I agree, even Microsoft is doing it with Windows Containers running on Hyper-V directly.

masklinn · on Nov 19, 2015

Why rump specifically?

amirmc · on Nov 19, 2015

I think because they play very nicely with legacy software, without needing any modifications. i.e the demo has unmodified, off-the-shelf versions of nginx, mysql and php.

The other unikernel projects (i.e. MirageOS and HaLVM), take a clean-slate approach which means application code also has to be in the same language (OCaml and Haskell, respectively). However, there's also ongoing work to make pieces of the different implementations play nicely together too (but it's early days).

masklinn · on Nov 19, 2015

> I think because they play very nicely with legacy software, without needing any modifications. i.e the demo has unmodified, off-the-shelf versions of nginx, mysql and php.

That's a good argument but seems to be one for rump being the past's future (unikernel-ifying legacy applications) rather than for it being the future itself.

amirmc · on Nov 19, 2015

I do see what you mean but asking people to re-write all the things isn't a successful strategy to achieve mass adoption.

Being able to build your unikernel (micro)services using legacy things and then swapping out certain services for clean-slate versions seems like a much more palatable approach. This is why unikernels fit so well with the microservices approach — you only have to re-write things one piece at a time if you choose to.

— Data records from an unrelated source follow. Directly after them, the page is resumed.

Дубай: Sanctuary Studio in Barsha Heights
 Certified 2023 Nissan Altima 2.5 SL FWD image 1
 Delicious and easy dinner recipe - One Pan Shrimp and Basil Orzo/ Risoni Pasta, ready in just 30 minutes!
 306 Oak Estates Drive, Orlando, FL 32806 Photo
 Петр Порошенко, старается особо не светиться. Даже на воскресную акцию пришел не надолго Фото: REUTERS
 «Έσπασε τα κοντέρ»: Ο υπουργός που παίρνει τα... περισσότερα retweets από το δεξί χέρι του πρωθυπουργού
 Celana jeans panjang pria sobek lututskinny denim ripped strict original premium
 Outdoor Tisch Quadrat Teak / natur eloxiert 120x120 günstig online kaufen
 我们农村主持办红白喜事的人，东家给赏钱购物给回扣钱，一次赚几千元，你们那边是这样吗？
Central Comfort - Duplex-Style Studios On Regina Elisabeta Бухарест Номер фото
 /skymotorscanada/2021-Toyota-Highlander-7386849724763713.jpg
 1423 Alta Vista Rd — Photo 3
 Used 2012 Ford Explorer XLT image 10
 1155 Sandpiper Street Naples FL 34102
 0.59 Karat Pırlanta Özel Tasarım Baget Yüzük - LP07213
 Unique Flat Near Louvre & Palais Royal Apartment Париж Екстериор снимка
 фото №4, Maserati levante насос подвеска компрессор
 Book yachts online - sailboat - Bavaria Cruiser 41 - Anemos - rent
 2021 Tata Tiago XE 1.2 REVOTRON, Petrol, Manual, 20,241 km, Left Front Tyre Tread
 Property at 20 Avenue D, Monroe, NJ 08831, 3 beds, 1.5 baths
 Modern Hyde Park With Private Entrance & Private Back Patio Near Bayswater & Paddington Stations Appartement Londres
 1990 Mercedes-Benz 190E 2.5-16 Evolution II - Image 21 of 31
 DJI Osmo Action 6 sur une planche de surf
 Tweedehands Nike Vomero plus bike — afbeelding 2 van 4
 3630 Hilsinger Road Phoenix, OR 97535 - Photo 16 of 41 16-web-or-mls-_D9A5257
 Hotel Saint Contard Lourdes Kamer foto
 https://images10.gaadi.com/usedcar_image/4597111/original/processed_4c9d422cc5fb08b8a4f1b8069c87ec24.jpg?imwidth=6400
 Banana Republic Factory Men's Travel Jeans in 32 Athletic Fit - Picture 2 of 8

masklinn · on Nov 19, 2015

> Being able to build your unikernel (micro)services using legacy things and then swapping out certain services for clean-slate versions seems like a much more palatable approach. This is why unikernels fit so well with the microservices approach — you only have to re-write things one piece at a time if you choose to.

That's kind of my point, in that worldview rump kernels are not really the future they're a transitional phase bridging the present and the future.

pyvpx · on Nov 19, 2015

you can't ignore "legacy" applications if your new technology needs acceptance and deployment first and foremost to get out of the toy stage.

besides, think of all the future cool stuff you can more easily build on top of rump kernel (almost a year in the IRC channel and I still can't recall how I'm supposed to refer to...it) rather than being "stuck" with just Erlang on LINC or Haskell on HalVM etc.

masklinn · on Nov 19, 2015

I'm not saying you can ignore legacy applications but "the future" implies it's the goal. If rump is only for legacy application until they're reworked or replaced it's not the future, it's a transitional tool, and the future doesn't contain rump.

djcapelis · on Nov 19, 2015

Often the two are one in the same. Just look at a modern x86 chip.

macavity23 · on Nov 19, 2015

This looks great. Hopefully this can be configured to set off a big fat alarm if any unexpected syscalls get called. Will be a huge security win.

cpuguy83 · on Nov 20, 2015

Well, seccomp already does this, no?

yeukhon · on Nov 19, 2015

So what if I need to run centos and ubuntu containers on a centos host?